Bishop of Byzantium from 306 to 314

Metrophanes of Byzantium (Greek: Μητροφάνης; died 314) was bishop of Byzantium from c. 306 to 314. He was, according to tradition, the 26th bishop and is the first bishop mentioned by contemporary sources. In fact, there is no contemporary mention of an organized Christian community in Byzantium before him.
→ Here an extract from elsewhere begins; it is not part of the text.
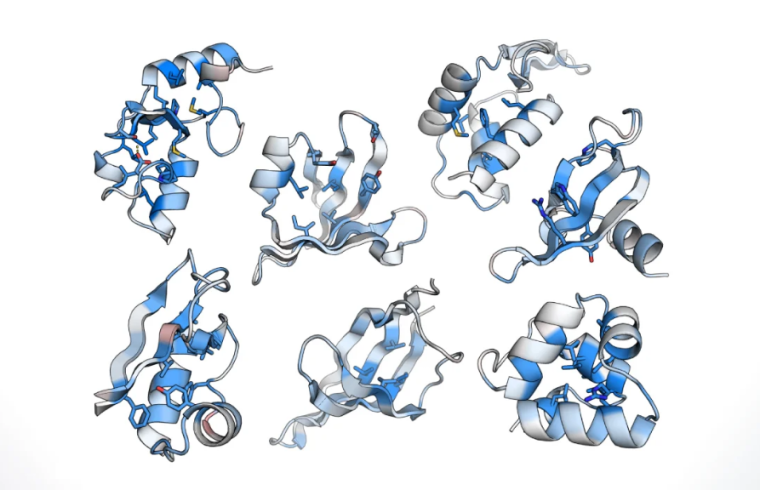 protein evaluates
There is a tradition that the Roman emperor Constantine the Great bestowed upon him the honorary title of Patriarch; however, Byzantium did not become the capital of the Empire until 330 (when it was renamed Constantinople), and the see was not elevated to a patriarchate until 451. According to Gelasius of Cyzicus, Metrophanes was alive during the First Council of Nicaea (325), but could not partake due to his age and ill health, so he sent instead Alexander of Constantinople, whom he destined as his successor. Metrophanes was most likely already dead by then. Socrates of Constantinople writes that Alexander of Constantinople succeeded Metrophanes sometime before 319.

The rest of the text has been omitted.